Source data START
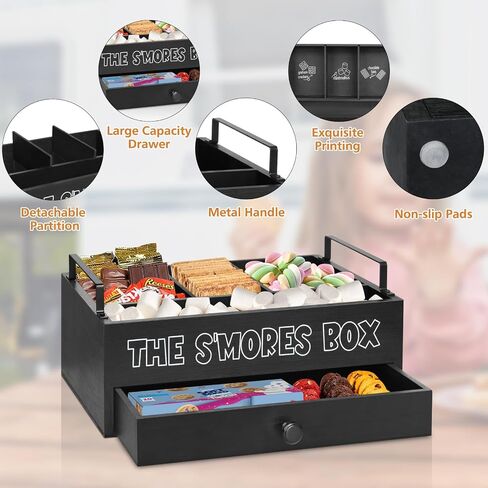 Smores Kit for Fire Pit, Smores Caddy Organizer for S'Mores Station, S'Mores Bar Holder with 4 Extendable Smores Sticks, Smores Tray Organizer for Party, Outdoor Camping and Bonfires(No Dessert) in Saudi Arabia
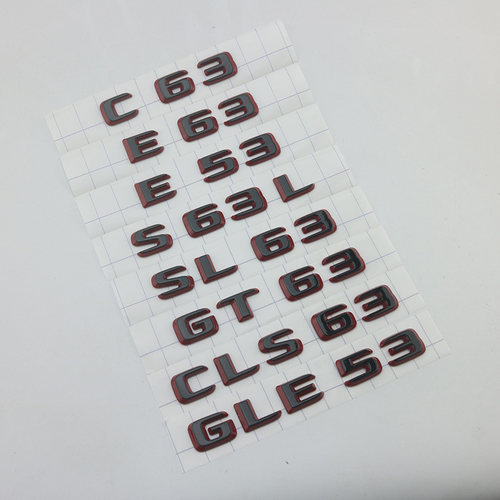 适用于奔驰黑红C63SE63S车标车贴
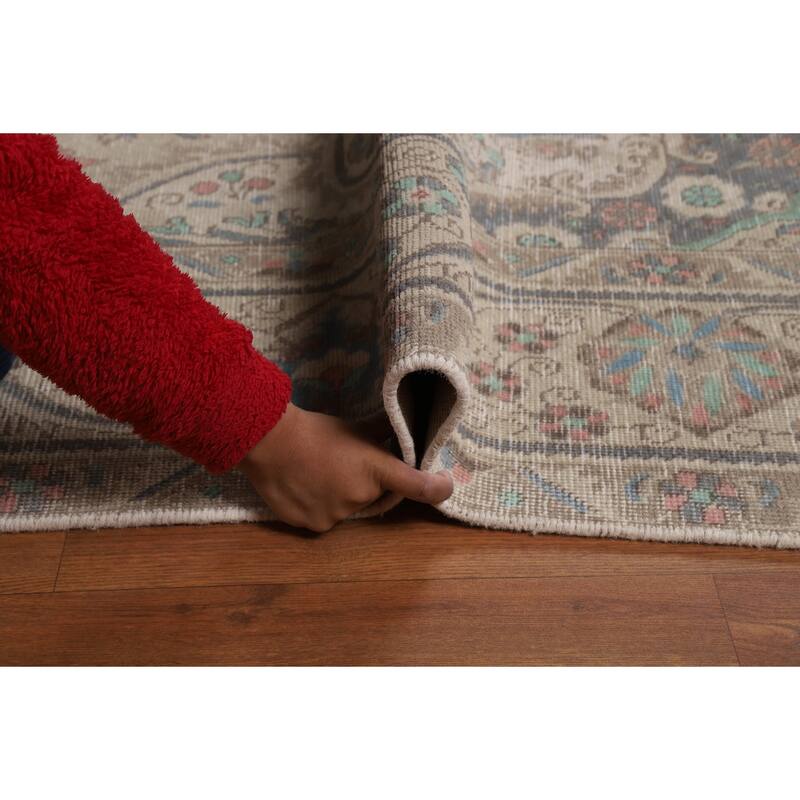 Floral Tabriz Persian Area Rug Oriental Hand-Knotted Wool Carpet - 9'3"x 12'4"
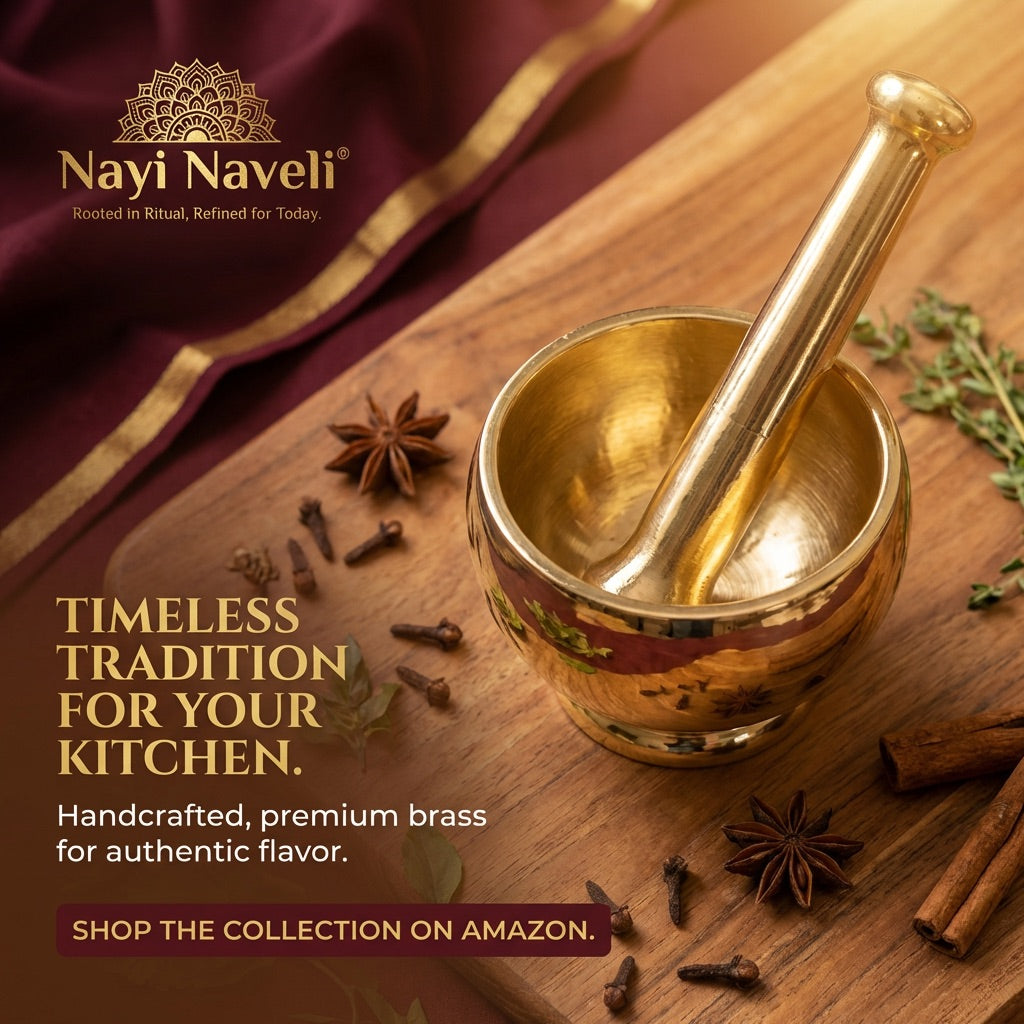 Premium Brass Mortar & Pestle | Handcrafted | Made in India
Source data END
Source data START
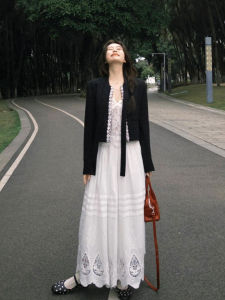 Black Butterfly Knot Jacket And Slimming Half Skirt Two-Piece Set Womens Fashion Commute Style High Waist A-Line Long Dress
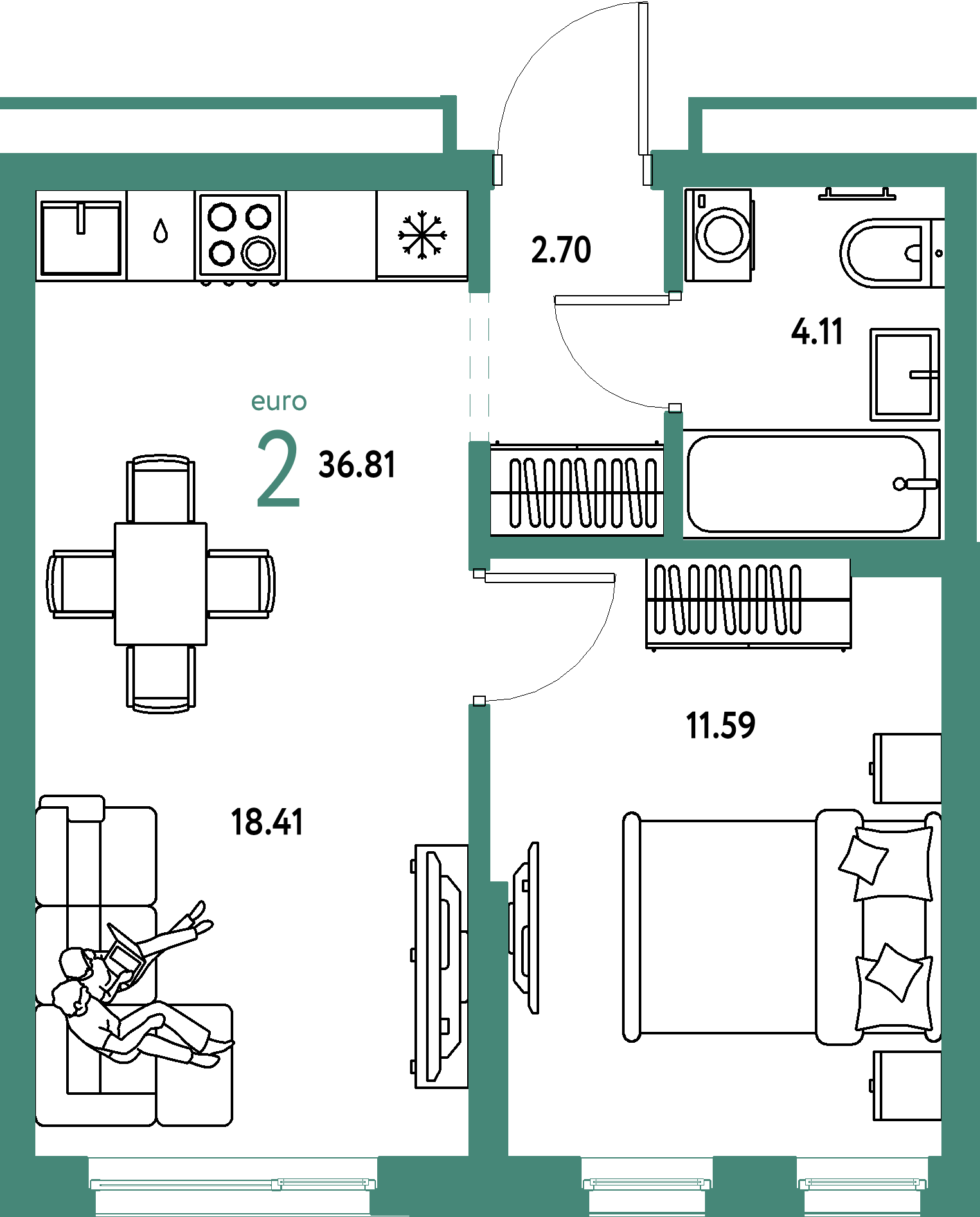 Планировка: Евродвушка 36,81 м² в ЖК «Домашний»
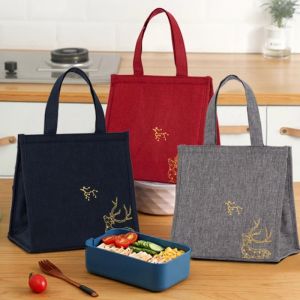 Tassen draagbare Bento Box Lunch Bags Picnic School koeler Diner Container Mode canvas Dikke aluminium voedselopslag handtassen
Source data END
## Exercise details
Beginning with the line that contains "Smores Kit for" and ending with the line that contains "Premium Brass Mortar", reproduce the listing exactly, pictures excluded.

## The answer
 Smores Kit for Fire Pit, Smores Caddy Organizer for S'Mores Station, S'Mores Bar Holder with 4 Extendable Smores Sticks, Smores Tray Organizer for Party, Outdoor Camping and Bonfires(No Dessert) in Saudi Arabia
 适用于奔驰黑红C63SE63S车标车贴
 Floral Tabriz Persian Area Rug Oriental Hand-Knotted Wool Carpet - 9'3"x 12'4"
 Premium Brass Mortar & Pestle | Handcrafted | Made in India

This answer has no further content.